Mississippi Fred McDowell - something about this blues standard resonates with me - I changed "this tedious journey" to "my wicked journey", stuck in the verse about drinking, invented a load of new guitar chords and lines, then Neil ripped it apart first take. You can play this at my funeral.

Side Two

I John

Absolutely everybody in the world has done a version of this, which is why I felt no compunction about changing the tune, the chords, and rewriting three-quarters the lyrics (with the help of Revelation 21-22).
Opens with John the Divine on Patmos and ends with Robert Fripp in Berlin.

Nico's string bass part on this is such a mutha that we stopped for a fag half way through then did a total drop-in which nobody will ever spot. You can do that if you've been playing together for 25 years.

Build On That Shore

Soul Stirrers tune, but who hasn't ripped them off? Where Sam sang "Jesus" I've replaced it with "Kingdom" - keeps the sense intact and makes the song more accessible. It's still the most overtly "gospel" song on the album though.

Samson and Delilah

with apologies to Rev Gary Davis - I first came across this song years ago when I was (trying to) learn ragtime guitar right-hand technique. The irony is that I dispensed with all of that, using a completely different groove, and keeping the lyrics and the hook only. Sorry maestro, not up to your standard.
What really gets me about this song is that it works on so many levels - like Samson, Gary Davis became blind in his late youth, so the story has profound resonance for his personal loss and frustration. And somehow he connects Samson tearing the building down with tearing down an unacceptable social order. It is the universal statement of iconoclastic intent - can't you see Samson between the pillars at the Head Office of the Royal Bank of Scotland?

I'm A Pilgrim

One of the two stories at the heart of this album, the story of the pilgrim/prodigal/traveller on his journey to the River Jordan, which simultaneously symbolizes the passage to a better place and the certainty of death - and for those of us who have spent much of our lives travelling, there's a really personal identification in this. And I get to pretend I can impersonate Paul Foster.

Peace In The Valley

Definitely the best-known, most-recorded song on the album, this 1937 Thomas A.Dorsey tune was originally released to no interest by the Flying Clouds of Detroit in 1946, then became a million-selling number one country hit for Red Foley in 1951. When Elvis recorded it in '58 Scotty Moore ripped off the Red Foley guitar intro note for note, so I feel perfectly justified in doing exactly the same.
The chorus on this tune features an understated part from a mystery accordion player. Well, he was always going to, wasn't he?

Joe Louis

When the Dixieaires recorded this in 1947 it would have been a daring piece of contemporary social commentary with its overt relation of the struggles of the Children of Israel to black champions overcoming white supremacy. It's still a great tune, and the only one where I used backing vocals because that relationship is central to the song.

Something Within

This is the other really important message on the album. I first heard this performed by the Flying Clouds of Detroit, we used that version as the intro tape for the Proclaimers live shows 88 - 91.
I've completely re-written the second verse so that this song becomes the manifesto for the whole album, which is why it's the last tune.
We also recorded it last, (can't you tell by the state of the voice?) and it's the only track where Keith plays the drums live with Nico and I - all in the same room, no mistakes possible gents. First take, of course.
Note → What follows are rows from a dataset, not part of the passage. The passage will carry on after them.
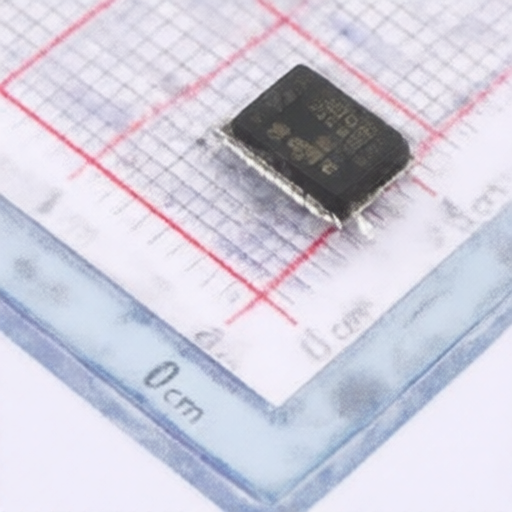 AOTE PS2701-1-L for sale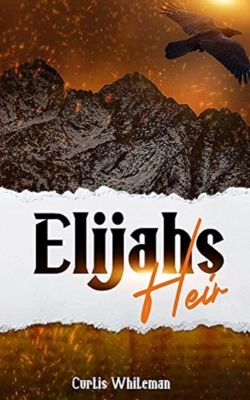 Bertrand.pt - Elijah'S Heir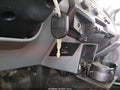 2012 Ford F-250 — photo 11 of 16 | VIN 1FTBF2A67CEA01403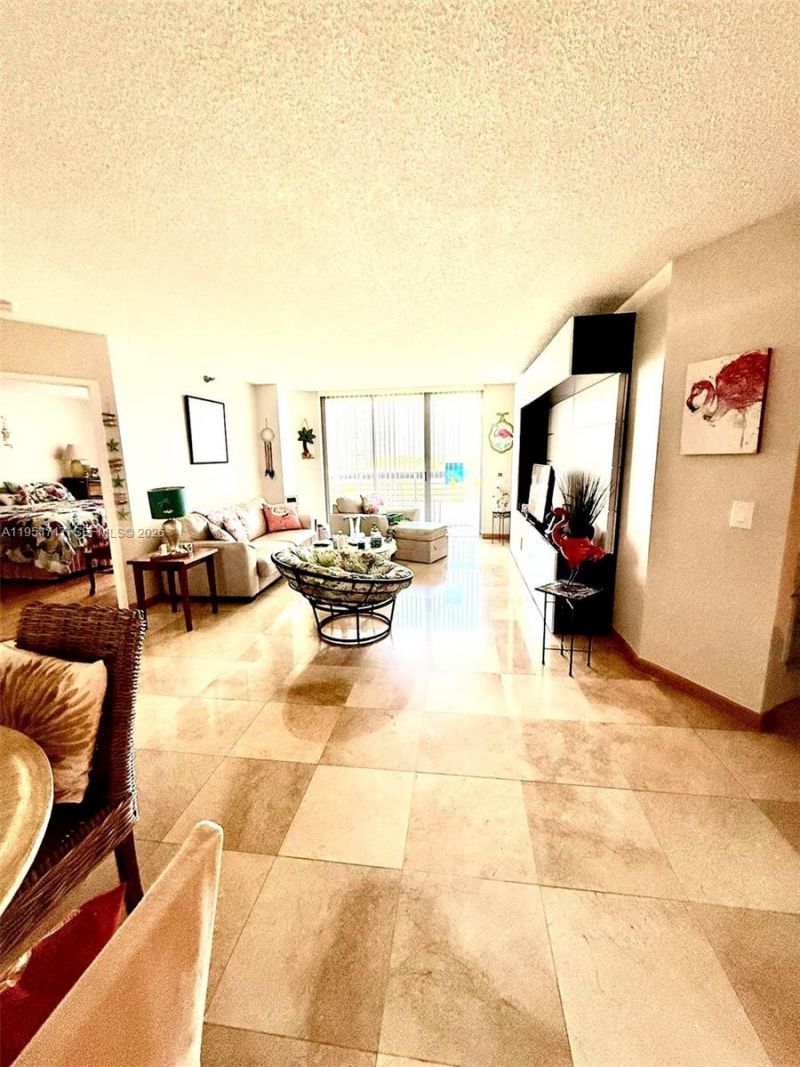 3400 NE 192nd St , Unit 710, Aventura, FL 33180 Photo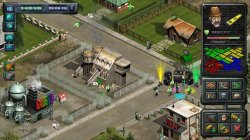 Constructor (2017) PC | 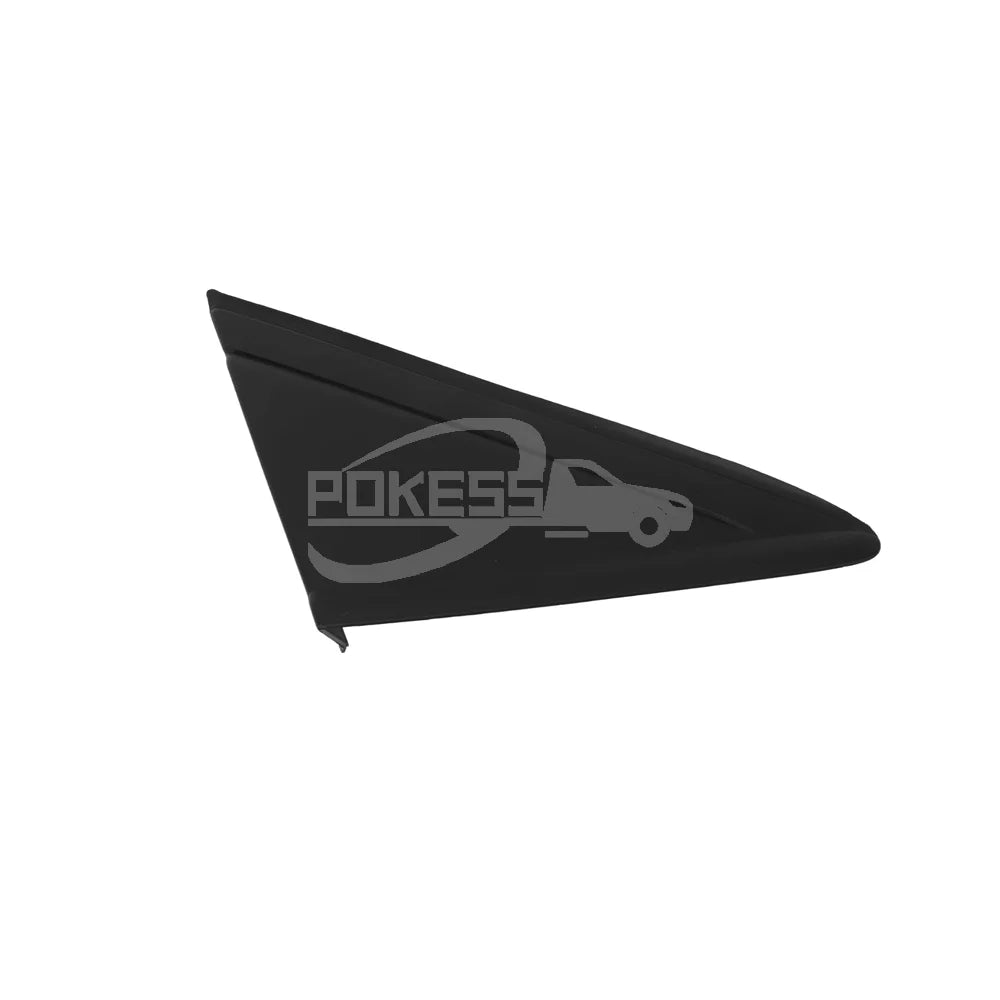 CJ54S16004AD5JA6 2354969 CJ54S16004BA5JA6 CJ5Z16004AA Reverse Mirror Triangle Trim Right For Ford Kuga 13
Session notes for the equipment geek:

Nico Bruce used Bella II, a lovely carved bass from China - Like many middle-aged men he replaced his older British model, Bella, with something more exotic from the Far East...

Neil Weir used a hand-made Taylor Chicago Standard trumpet "the best instrument I have ever had the pleasure of playing".

Keith Burns used a tiny Pearl jazz kit with distant mics only.

I used my 1962 Gibson 355 through a Fender Deluxe Reverb or a Fender Excelsior. And a Martin OM-21.

Stuart Hamilton used some of the wildest looking microphones I've ever seen and mic amps and compressors with huge Bakelite knobs.

Phil Cunningham used his ears and what's between them.